The data:
######
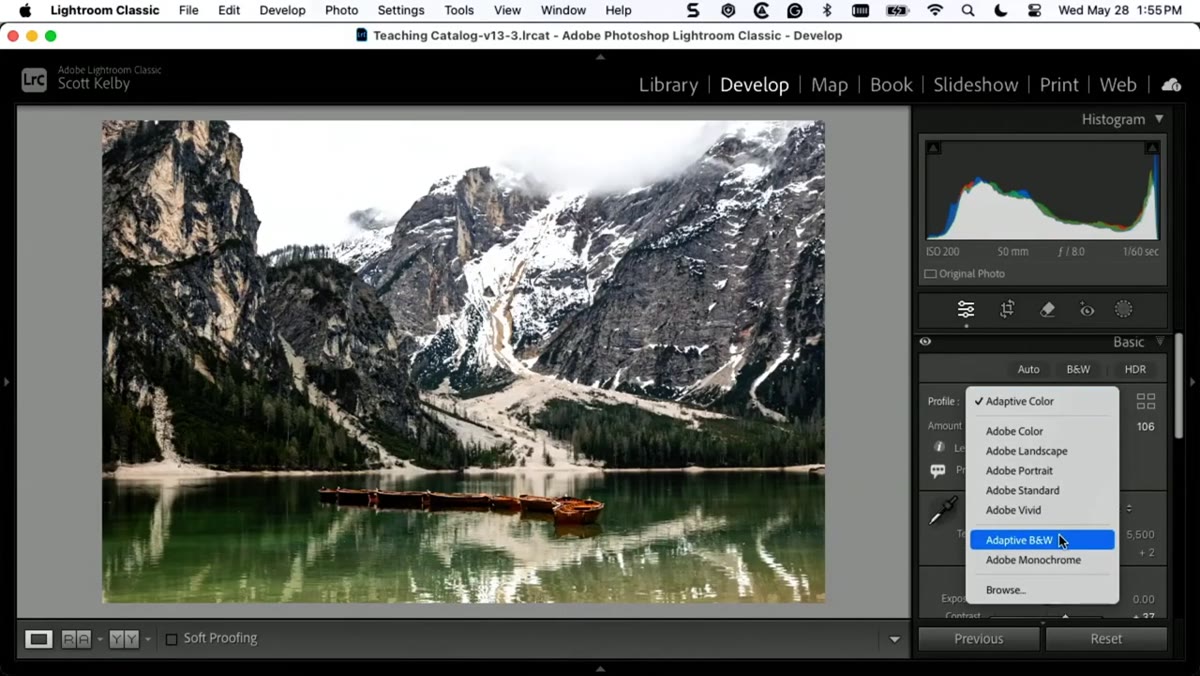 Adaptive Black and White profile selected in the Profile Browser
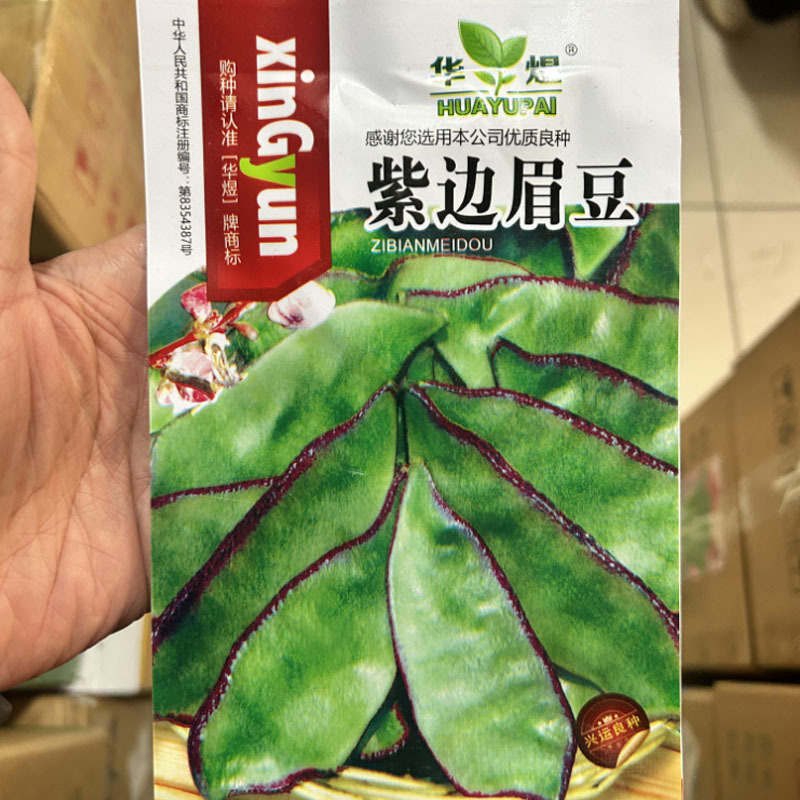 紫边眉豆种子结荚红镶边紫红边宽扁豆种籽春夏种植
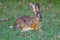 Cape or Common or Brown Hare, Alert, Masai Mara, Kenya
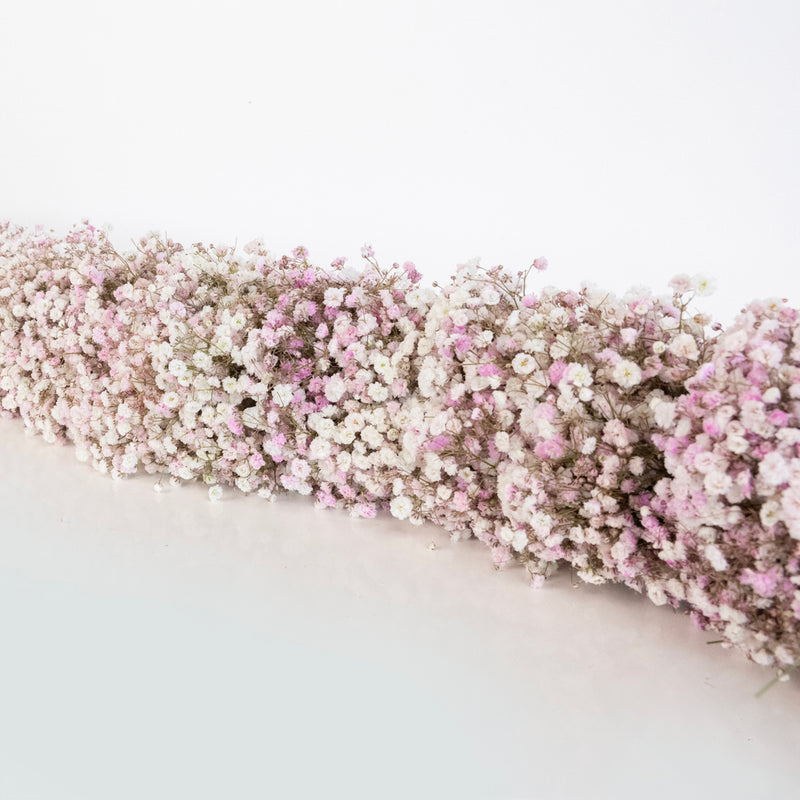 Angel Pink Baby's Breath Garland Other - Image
######
Task instructions:
The preceding listing is to be restated word for word, with every picture omitted.

Solution for this problem:
 Adaptive Black and White profile selected in the Profile Browser
 紫边眉豆种子结荚红镶边紫红边宽扁豆种籽春夏种植
 Cape or Common or Brown Hare, Alert, Masai Mara, Kenya
 Angel Pink Baby's Breath Garland Other - Image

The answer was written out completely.